For Independent Ireland, front-line workers come first, whether they wear the uniform of An Garda Síochána, a Coast Guard jacket or a flight suit. If a front-line worker is on a 24-hour shift, every hour must be recognised and respected. It offends common sense to pretend that a crew that must launch in minutes is somehow at rest for a part of their shift. That is not rest, that is responsibility. It must count as working time for safety and fairness.
This dispute is not with the crews; it is with the system that makes figures look better on paper than they are in the cockpit. Our coastal and island communities rely on a 24-hour, seven-day-a-week SAR service. When a call comes in from Cork or Limerick, nobody asks what the spreadsheet says. It asks how fast Rescue 115 can be overhead. Our manifesto is clear; fund SAR properly. Respect crews' working time and demand accountability.

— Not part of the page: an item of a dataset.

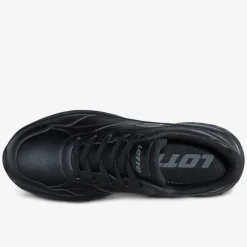 Lotto Herren Sneaker Low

We support an urgent review of how hours are recorded and we want to know why the IAA signed off on this system. Accountability matters.
Finally, our ask of the Government is simple. It must end the factoring of 24-hour shifts, record every hour crews are on call and put in place a transparent system with crews at the table, in order that fatigue is never traded off against cost or convenience. When a call comes in from Bantry Bay or off the Cork coast, nobody asks what the spreadsheet is. Many of the calls I get are in relation to protecting people in the fishing industry. They come from pleasure boats as well but they come from the fishing industry in particular as people are out there in shocking weather and depend on the Coast Guard for their safety. SAR is not just a helicopter in west Cork. The Bantry Inshore Search and Rescue Association has also been saving lives since 1987. It is a clear resource of the Irish Coast Guard yet it receives no regular State funding. Its annual operating costs are about €26,000, raised through donations collected in buckets in local shops and pubs and through charity swims and crowdfunding. Every euro it spends comes from the community it serves. The association now faces a major challenge. It needs €1 million for Ireland’s first floating boathouse and a new high-tech rescue boat. Why? Faster response times and better equipment save lives. This is not a luxury; it is a necessity for safety in Bantry Bay and beyond.
Independent Ireland believes in value for money but value for money does not mean cutting corners or fatigue. We insist on proper funding for training and equipment in SAR, whether that is helicopters, volunteers or lifeboats. We demand accountability from the Irish Aviation Authority and the Department of Transport for systems that trade safety for convenience. Our ask of the Government is that in the factoring of 24-hour shifts for helicopter crews, a transparent system should be put in place with crews at the table to guarantee fatigue is never ignored and it should commit to supporting resources in order that volunteers are not left fundraising for basic safety infrastructure. Our coastal communities and crews deserve better. Our rescue services deserve the funding and oversight that keep people alive.
As I have the floor, I raised more than a year ago - and have not heard anything since- the disaster that happened off Bantry Bay in 1979. Many emergency services were called out during the Whiddy Island disaster. I have been calling and Michael Kingston has been calling for a full inquiry into that for 12 months. A full statutory inquiry has to take place in relation to the Whiddy Island disaster off Bantry Bay that killed 50 people.